Exercise aim =
Only the line containing "Buy 1 Set Get 1 Free (earring)" and the lines after it, through the end of the entries, should be output exactly.
══ Records supplied
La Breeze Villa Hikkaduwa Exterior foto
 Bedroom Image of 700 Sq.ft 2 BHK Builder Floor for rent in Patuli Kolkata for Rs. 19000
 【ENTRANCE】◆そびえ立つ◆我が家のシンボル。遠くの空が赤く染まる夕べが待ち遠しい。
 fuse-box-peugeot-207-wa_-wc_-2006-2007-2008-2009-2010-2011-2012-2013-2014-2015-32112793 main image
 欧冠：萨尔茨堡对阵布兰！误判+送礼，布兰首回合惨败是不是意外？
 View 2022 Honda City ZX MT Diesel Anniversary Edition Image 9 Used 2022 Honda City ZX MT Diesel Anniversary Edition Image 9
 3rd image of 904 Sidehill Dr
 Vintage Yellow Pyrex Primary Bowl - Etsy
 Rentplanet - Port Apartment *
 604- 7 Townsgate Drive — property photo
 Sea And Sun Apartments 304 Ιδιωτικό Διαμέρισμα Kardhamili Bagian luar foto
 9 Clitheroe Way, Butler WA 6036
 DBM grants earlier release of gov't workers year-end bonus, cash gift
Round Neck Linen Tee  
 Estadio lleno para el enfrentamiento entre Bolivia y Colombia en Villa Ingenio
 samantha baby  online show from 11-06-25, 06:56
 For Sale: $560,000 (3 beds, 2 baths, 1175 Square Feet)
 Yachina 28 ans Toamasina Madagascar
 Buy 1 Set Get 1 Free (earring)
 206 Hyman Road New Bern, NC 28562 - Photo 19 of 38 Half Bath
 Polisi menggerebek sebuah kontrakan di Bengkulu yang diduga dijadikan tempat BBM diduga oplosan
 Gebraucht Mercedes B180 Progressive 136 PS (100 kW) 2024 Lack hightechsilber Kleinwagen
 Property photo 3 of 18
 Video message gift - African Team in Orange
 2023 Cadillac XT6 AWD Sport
════
Written solution =
 Buy 1 Set Get 1 Free (earring)
 206 Hyman Road New Bern, NC 28562 - Photo 19 of 38 Half Bath
 Polisi menggerebek sebuah kontrakan di Bengkulu yang diduga dijadikan tempat BBM diduga oplosan
 Gebraucht Mercedes B180 Progressive 136 PS (100 kW) 2024 Lack hightechsilber Kleinwagen
 Property photo 3 of 18
 Video message gift - African Team in Orange
 2023 Cadillac XT6 AWD Sport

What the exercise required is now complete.